These chips typically wend their way through second- and third-tier distributors, which in turn try to sell them to smaller PC manufacturers. More often than not, these parties have no knowledge of the remarking and are not part of any scheme.

Remarking generally heats up when there is too much product on the market or when significant gaps in supply or price exist between two similar grades of microprocessors.

"It shows up whenever there is a substantial price delta between speed grades," said Dean McCarron, principal analyst at Mercury Research. "You see it in Third World countries, the Eastern bloc, Asia...It takes place in the very bottom of the well in North America."

A report in c't states that the remarked chips come in two varieties. With the first type, the part number on the 266-MHz Pentium II has been changed to correspond to the 300-MHz version. The area where the old marks have been removed shimmers, according to the magazine.

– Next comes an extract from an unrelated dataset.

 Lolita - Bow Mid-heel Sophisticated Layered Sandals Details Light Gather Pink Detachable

In the second variety, the entire chip package has been changed. The "Pentium II" lettering is too small and moved too far down the case on these processors.

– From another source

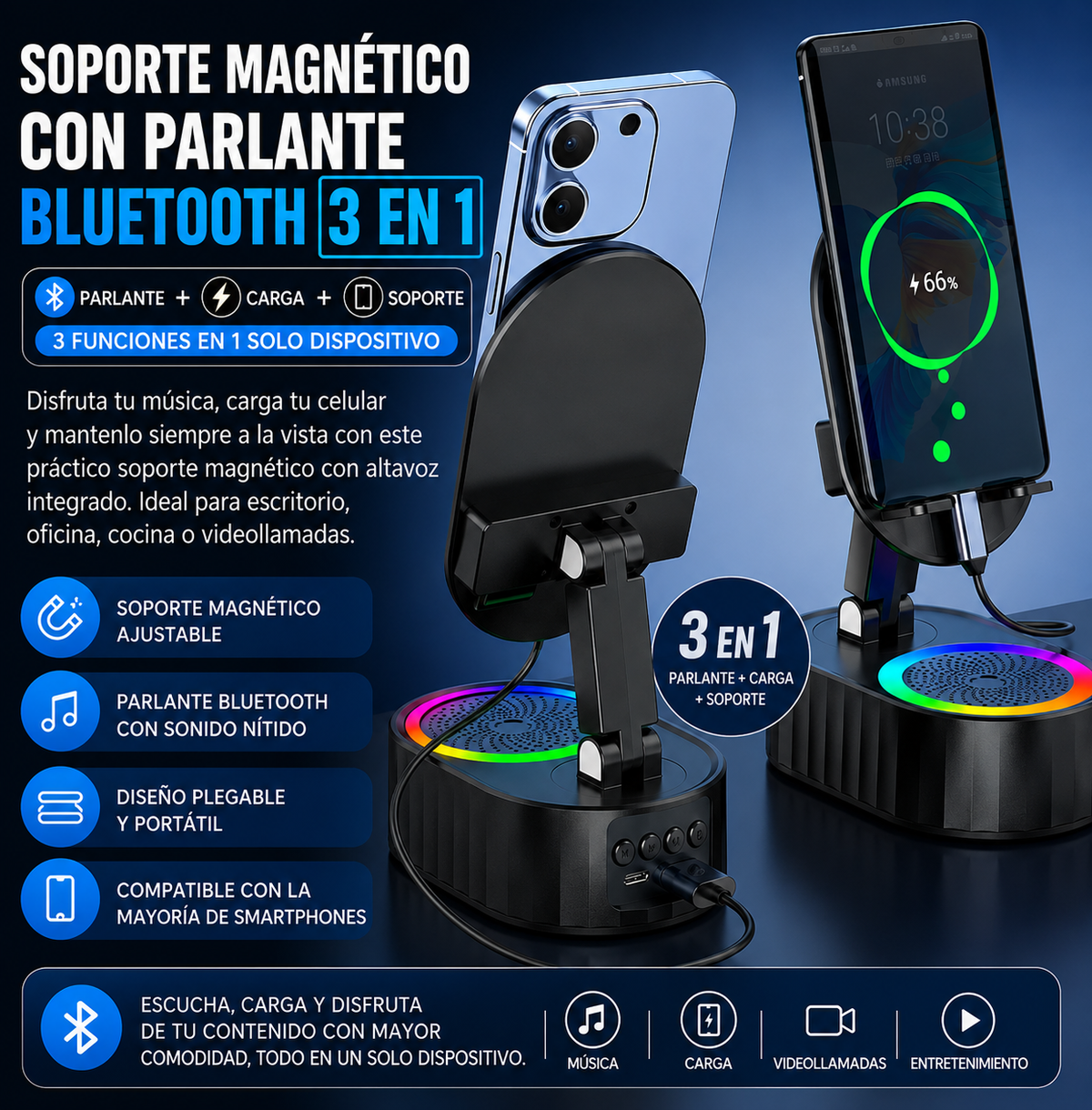 Soporte Cargador Con Parlantes SMART® 3 EN 1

If the report proves true, it will mean that remarketers have been able to confound one of the purposes of the Pentium II package. The casing, which contains a hologram, was designed to deter the fraud that became a problem with 486 and Pentium chips.

"It was fairly common with the Pentium," commented Craig Conrad, vice president of marketing at Nexar, a PC manufacturer. Other executives confirmed this observation.

At the moment, the remarked Pentium IIs appear to be a European issue. No one has reported seeing these in North America. However, other irregulars have been occurring.

"We have not yet seen any remarked Pentium IIs. However, we've seen some previously used chips. We've also seen a lot of Pentium Pro processors remarked," said Roland Baker, chief executive officer of Net Express, which makes computer systems for scientific users. With Pentium Pro chips, the remarkers try to pass off 166-MHz versions of the chip for 200-MHz versions of the chip. The remarking is likely occurring because there is a relative shortage of 200-MHz chips, he said.

Remarked chips can be identified through careful inspection, he added. The labeling on legitimate Pentium Pro chips is done in off-white, he said. Remarked chips use a bright white.

Computer vendors get around the problem by buying through authorized distributors, he noted.

Intel is an investor in CNET: The Computer Network.